--- DATA UNDER STUDY Enclosed Below ---

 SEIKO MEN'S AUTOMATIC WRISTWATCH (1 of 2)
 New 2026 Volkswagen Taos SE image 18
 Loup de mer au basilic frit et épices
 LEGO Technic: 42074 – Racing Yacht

--- End of Enclosed DATA UNDER STUDY ---
--- DATA UNDER STUDY Enclosed Below ---

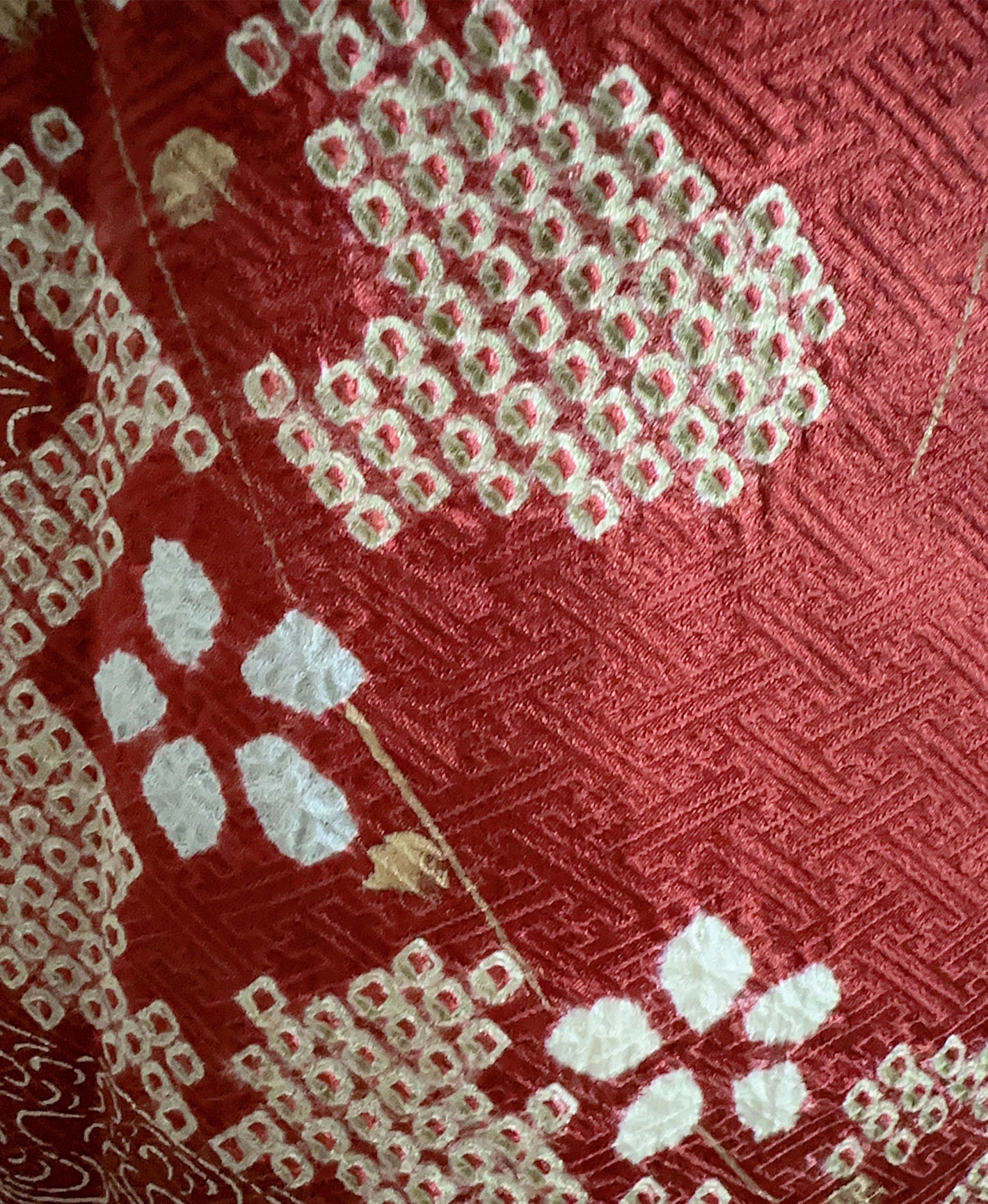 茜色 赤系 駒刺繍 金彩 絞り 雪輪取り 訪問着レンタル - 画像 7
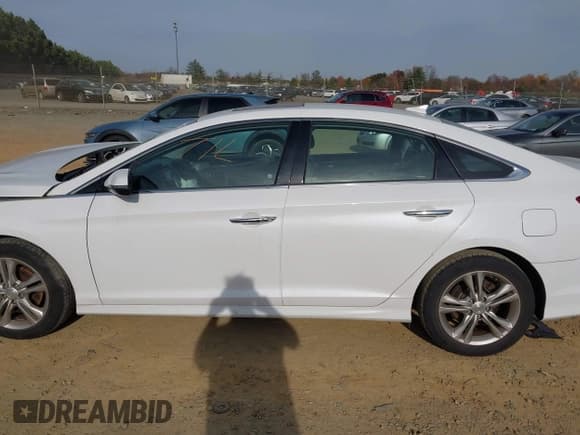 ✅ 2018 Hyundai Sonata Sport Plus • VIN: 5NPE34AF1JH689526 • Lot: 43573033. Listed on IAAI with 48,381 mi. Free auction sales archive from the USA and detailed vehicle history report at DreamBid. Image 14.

--- End of Enclosed DATA UNDER STUDY ---

■ **TASK PROMPT**: Using the data above, reproduce exactly the lines between those holding "New 2026 Volkswagen Taos SE image 18" and "LEGO Technic: 42074 – Racing Yacht", inclusive, and no others.

■ **EXERCISE ANSWER**:
 New 2026 Volkswagen Taos SE image 18
 Loup de mer au basilic frit et épices
 LEGO Technic: 42074 – Racing Yacht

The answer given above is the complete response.